I had wrote before about GPU picking which worked reasonably well as a temp solution. However the problem is that because the cpu is just reading the positions buffer on gpu, you can’t pick any locations that are not visible on screen. As I was using the excavation tool this became problematic and made the tool unintuitive. Not only that, on my old and useless macbook pro the PBO(pixel buffer object) was still stalling the cpu despite PBO’s being non blocking. The new solution involves casting a ray from the camera through the terrain and calculating where there is an intersection. Works a treat, don’t know why I didn’t just do this before really.
– Refactored the worldgen noise sampler.
– Refactored the precipice mesh generator
– Fixed a bug where the world tiles were actually be rendered mirrored on the Z axis.
– Fixed the camera fog distance from showing unrendered geometry when zoomed in.
– Oncreen nodes now hold a component which links to the underlying world object.
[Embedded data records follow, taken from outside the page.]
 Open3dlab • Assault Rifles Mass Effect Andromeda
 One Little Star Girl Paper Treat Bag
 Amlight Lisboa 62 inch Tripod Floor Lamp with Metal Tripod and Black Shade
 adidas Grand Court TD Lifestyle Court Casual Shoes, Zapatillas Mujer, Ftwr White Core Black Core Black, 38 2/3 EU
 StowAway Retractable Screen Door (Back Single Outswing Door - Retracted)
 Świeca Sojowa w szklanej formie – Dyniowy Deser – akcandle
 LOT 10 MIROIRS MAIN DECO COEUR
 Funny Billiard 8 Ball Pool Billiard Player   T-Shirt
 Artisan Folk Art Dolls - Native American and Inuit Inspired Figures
Orthographic vs Perspective
Up until now I’ve had the game camera set up as an orthographic projection. Which gives a similar style to an isometric game but in 3D. I went for this initially because I wanted it to be reminiscent of games like Age Of Empires and RCT. It wasn’t until I started working on the construction tools that I realised how it was becoming difficult to visually understand the terrain and where to place objects. It really doesnt work all that well. Because orthographic cameras have a fixed depth you essentially lose some important information regarding the position and shape of the 3D objects. It makes them slightly harder to understand and also makes it difficult to judge distances in the game world. Games like Monument Valley take advantage of this to create optical illusions and interesting puzzles. For this game though, I don’t want illusions, the most important thing is that the player can understand quickly what is happening in the game.
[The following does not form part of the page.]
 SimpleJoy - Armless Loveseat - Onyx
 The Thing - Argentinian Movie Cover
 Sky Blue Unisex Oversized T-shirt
A slight problem with using perspective camera is that the method for grass rendering I was using did not work as well. As I was using shell rendering It only looks decent when looking downward on the world, with a perspective camera it just didn’t work. Rendering the grass that way was quite costly anyhow, so I had no problem removing it.
New Perspective Camera
I put a little time into getting a working visible day and night cycle. In free floating camera mode you can see the sun in the sky at the correct position. The sky itself now changes color according to the time of day, so for example it will turn orange near sunset. At night the distance fog is changed to give some atmosphere. At night time the focal point of the camera emits light, this makes it so you can still see the surrounding area as well as giving an eerie atmosphere.
I wrote last update about screen space ambient occlusion and how the performance hit was too large to justify the effect. I’ve been playing around with some other methods with some success. I can’t bake occlusion into the mesh because the terrain itself is actually just a displacement map. What I thought of doing however is to calculate the AO by sampling the adjacent pixels from within the displace map for each vertex. You can see the results in the day/night pictures above.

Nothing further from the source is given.